• **What is required**
Only the lines from the line that contains "Známky ČESKOSLOVENSKO – 5 - 5" through the final line of the entries below belong in your answer, copied exactly and without pictures.

*** Dataset records ***

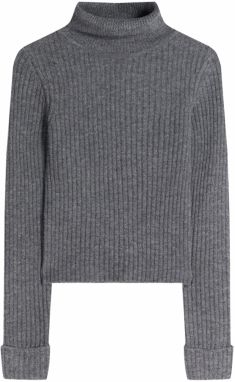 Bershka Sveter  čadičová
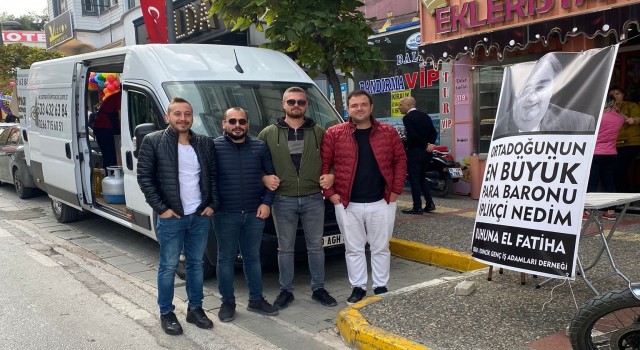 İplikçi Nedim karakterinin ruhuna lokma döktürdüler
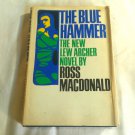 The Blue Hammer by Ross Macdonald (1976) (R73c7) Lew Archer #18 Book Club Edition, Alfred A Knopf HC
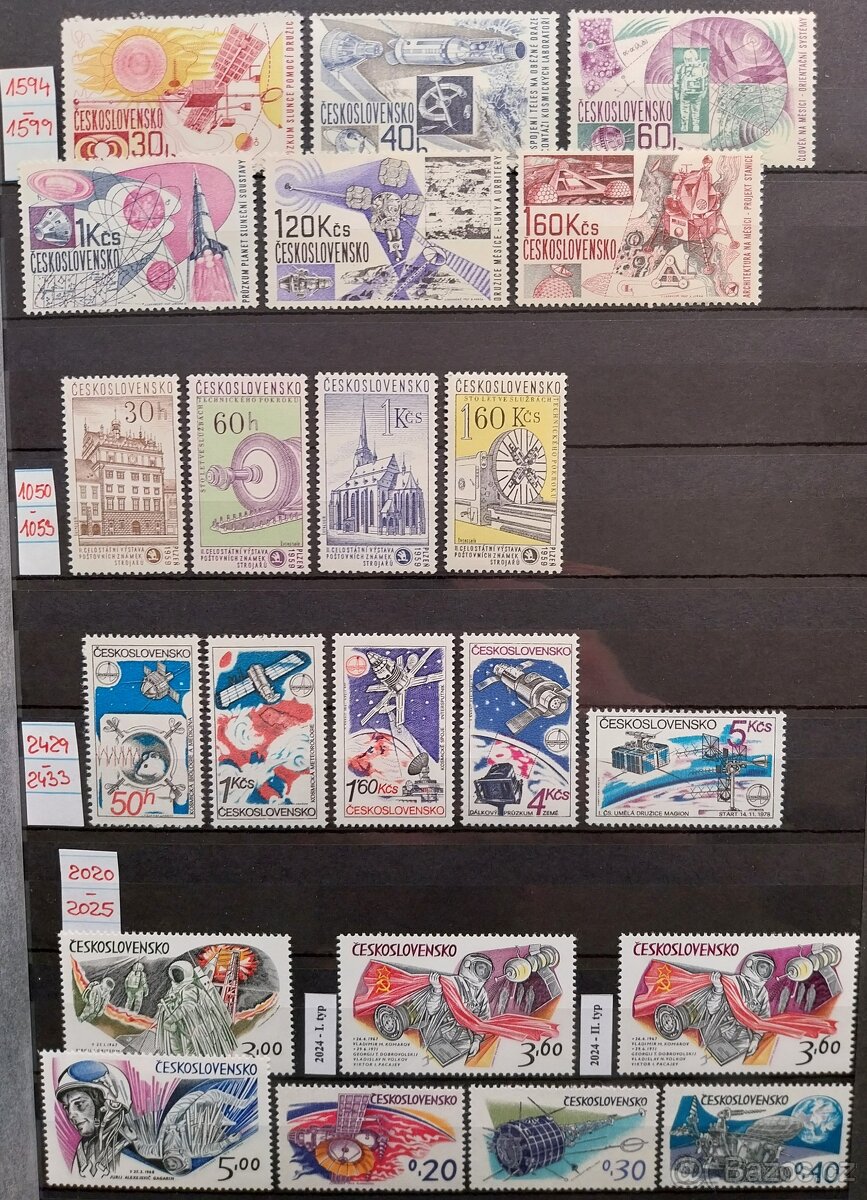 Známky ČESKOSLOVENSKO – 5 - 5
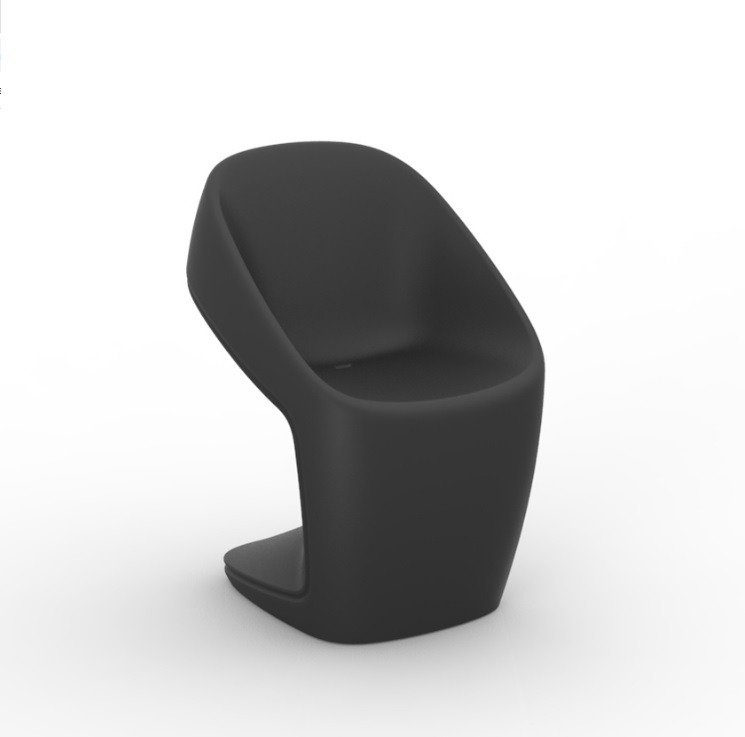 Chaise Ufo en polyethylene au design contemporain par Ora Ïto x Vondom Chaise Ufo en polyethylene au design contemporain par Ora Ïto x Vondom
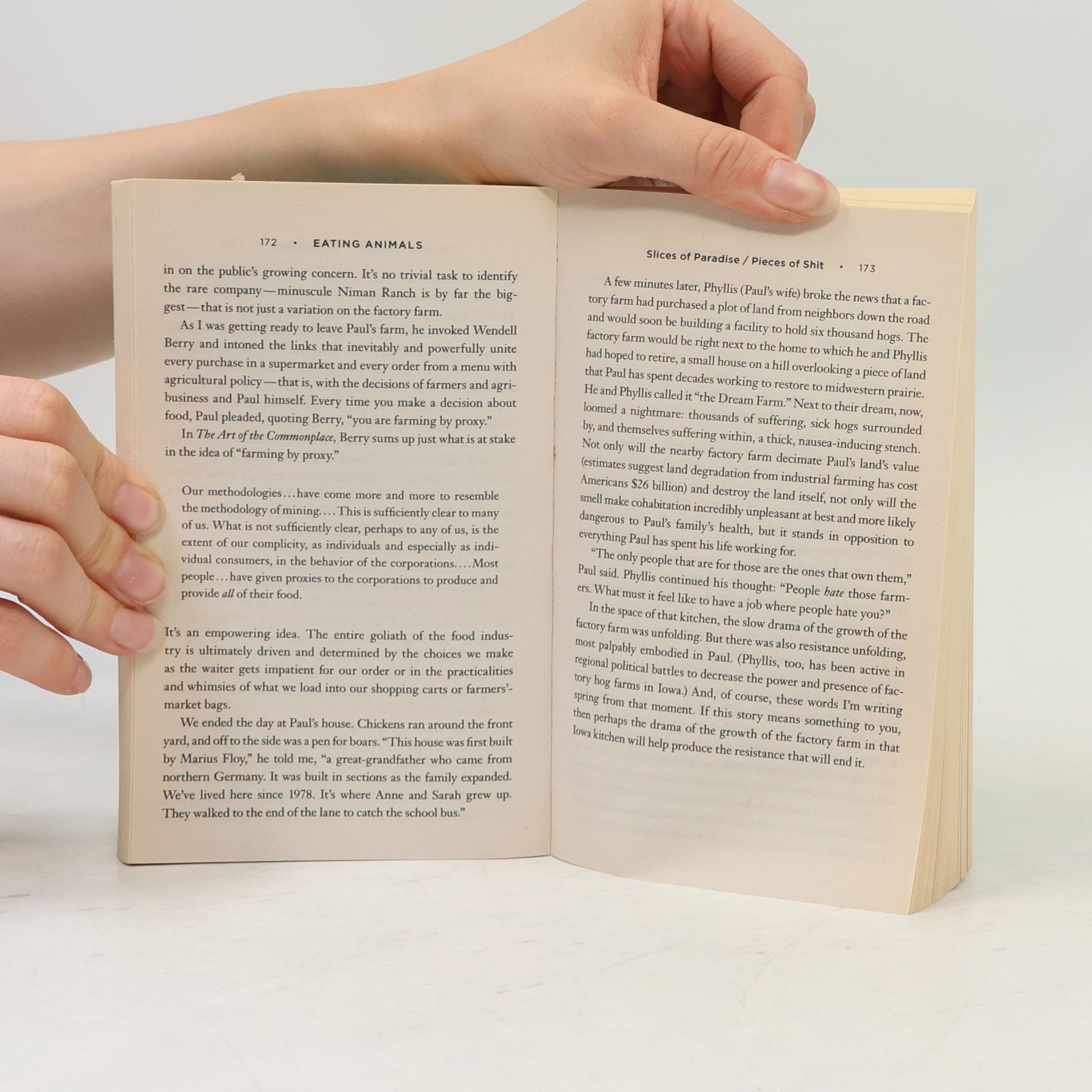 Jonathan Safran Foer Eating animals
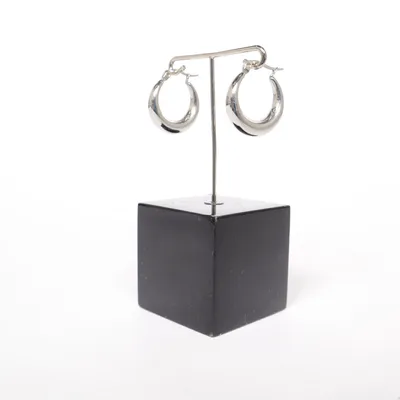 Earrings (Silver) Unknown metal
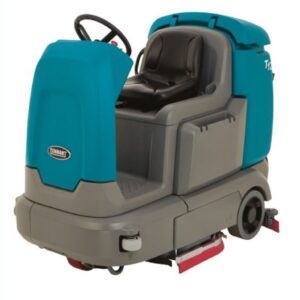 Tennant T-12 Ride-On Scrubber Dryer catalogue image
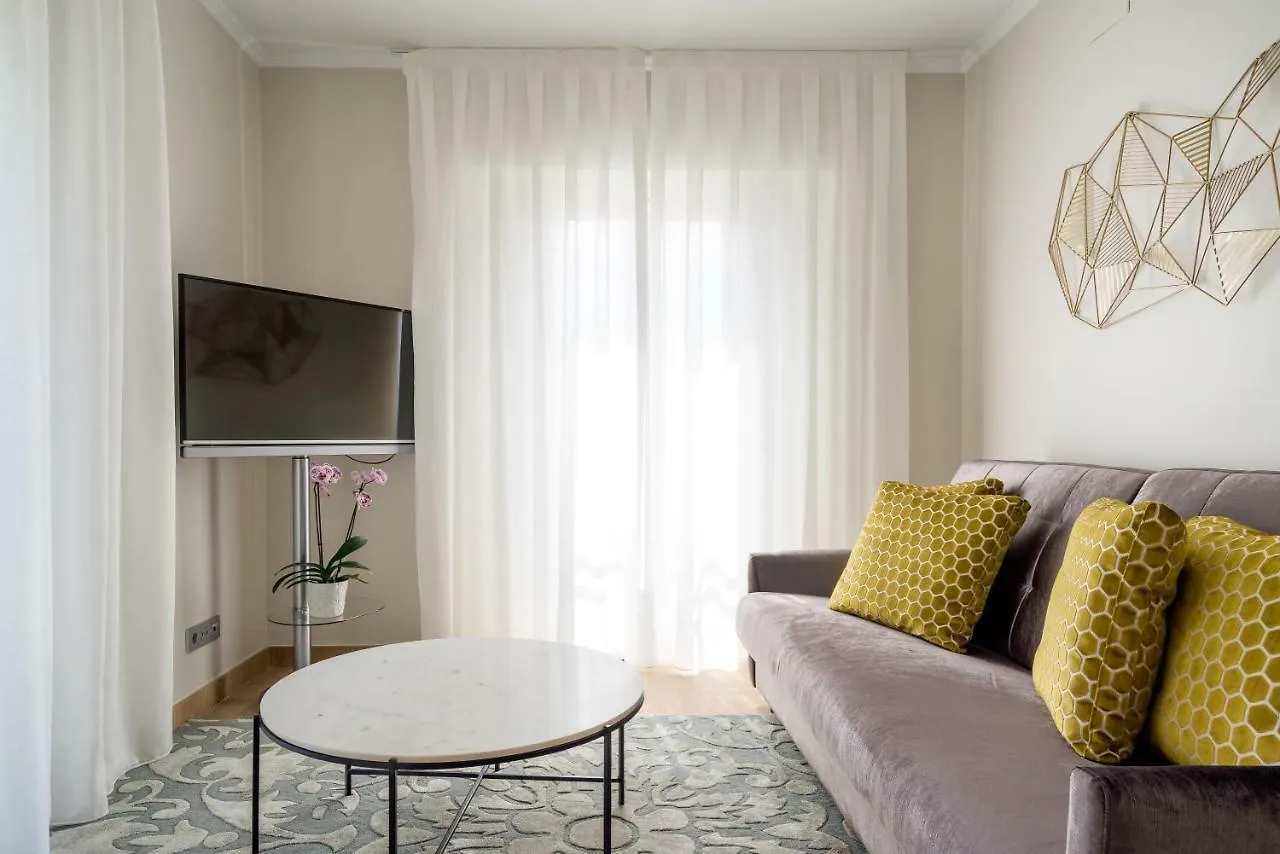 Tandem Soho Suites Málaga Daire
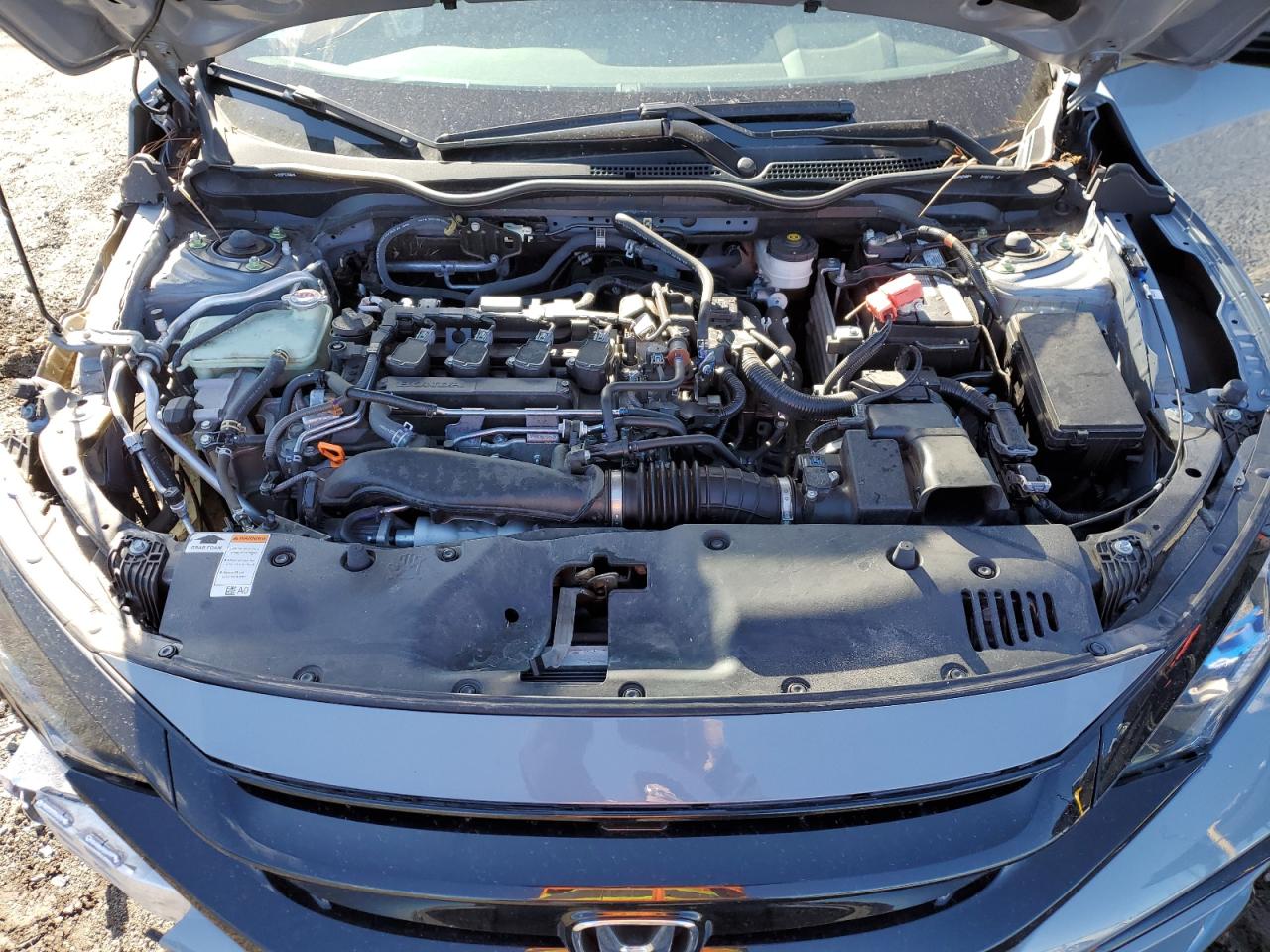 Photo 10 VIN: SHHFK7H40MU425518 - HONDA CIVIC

*** End of Dataset records ***

• **Solution for this exercise**
 Známky ČESKOSLOVENSKO – 5 - 5
 Chaise Ufo en polyethylene au design contemporain par Ora Ïto x Vondom Chaise Ufo en polyethylene au design contemporain par Ora Ïto x Vondom
 Jonathan Safran Foer Eating animals
 Earrings (Silver) Unknown metal
 Tennant T-12 Ride-On Scrubber Dryer catalogue image
 Tandem Soho Suites Málaga Daire
 Photo 10 VIN: SHHFK7H40MU425518 - HONDA CIVIC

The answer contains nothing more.